Point taken, I thought. Probably because of retrograde menstruation, a theory of how menstrual flow back into the peritoneal cavity could cause endo. I had heard about it when I was first diagnosed, and basically dismissed it because it could not explain all cases of endo. (For example, the first documented case of a woman with endo happened to occur in a patient without an uterus. No retrograde flow here, clearly.) Anyway, I had stuck with the Fully Fertile instructions, so I thought this was not an issue.
Half an hour later, it hit me. While I had avoided inversions, I had been practicing Ai.ki.do, and all those rolling movements could well have the same effect. If you’re wondering why I practiced despite all this pain — exercise actually helped relieve the pain. My first bout of endo, which was finally diagnosed one day before I had major surgery to remove it, started about 9 months after I began practicing Ai.ki.do. Then I rarely practiced for a long time (for other reasons), was on a progesterone-only pill, and pain-free. But last spring I took it up again — somewhat reluctantly, because, you know, I could get pregnant the following month and then I’d have to stop (I wish). And, over the summer, my lovely burning buttocks pain surfaced.
I had dreaded getting my period during the holidays, in anticipation of yet more pain. But, due to travels and sickness, I had not done any Ai.ki.do. And I was in so much less pain, it was unbelievable. This time around (today is CD3), it is even better. Not quite pain-free yet, but if you had promised me this a few months ago, I would not have believed it. And all that because of less exercise? Even if this does not get me pregnant, I’ll take it, any day.

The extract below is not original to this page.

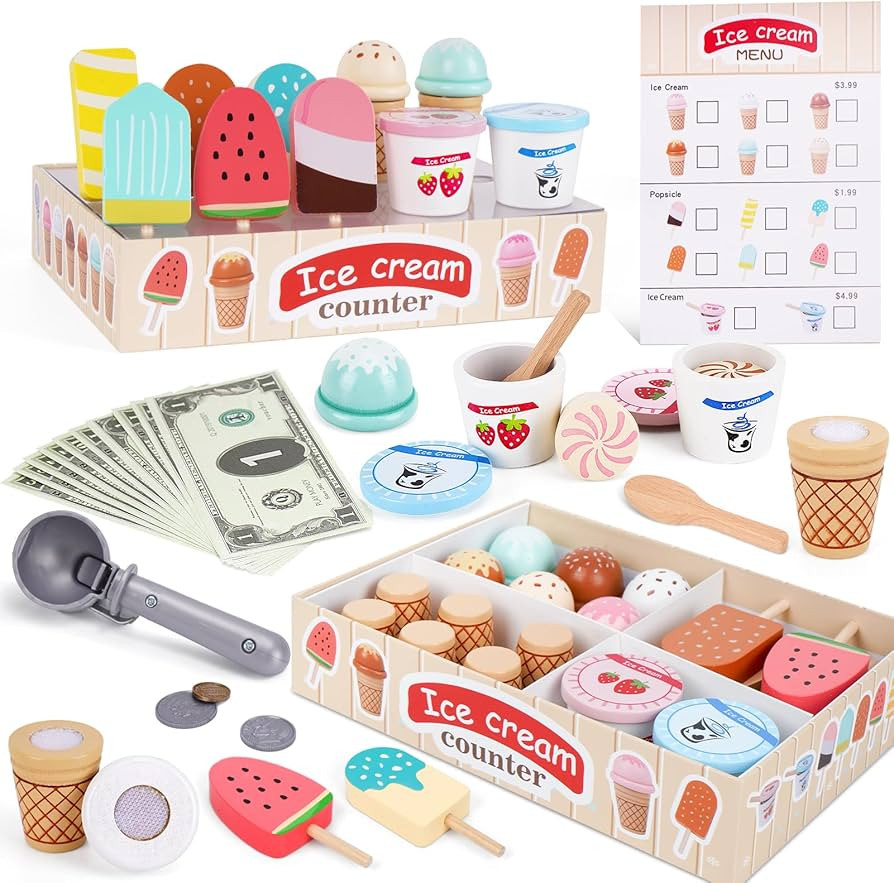 Wooden Ice Cream Toys for Toddlers 3-5, Kids Wooden Toys Play Kitchen Accessories, Play Food Sets... | Amazon (US)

Maybe I got it all wrong. It could be the EPO finally working, or pure coincidence. But this connection is too strong for me to ignore. Oddly enough, I could not find much on the topic online. I’ve read this article about yoga, which supports that you should not practice inversions during menstruation, but claims that retrograde menstruation, and therefore endometriosis, are not an issue. Frankly, I don’t buy it. My body tells me otherwise. And I think this is the key point here. I have to learn to listen to my body. As a scientist, I would love to have well-designed, controlled, double-blind studies for whatever medical or reproductive problem I worry about. Apart from the fact that these simply often do not exist, they can only tell us what works in the majority of patients (ok, actually in a small set that hopefully is representative…). But, identical twins aside, we are all slightly different. We suffer from different side effects, don’t respond in the same way to drugs, hell, some are drunk after one cocktail and others still standing after 3. With badly understood problems it seems to be even worse, whether that be endo or “bad eggs” or what else doctors may have thrown at you, shrugging, not really knowing what to do either.
(It seems like there should be conclusions here, but that feels premature. We’ll see over the coming months if my pain stays away. I’m hopeful. And that is a wonderful feeling.)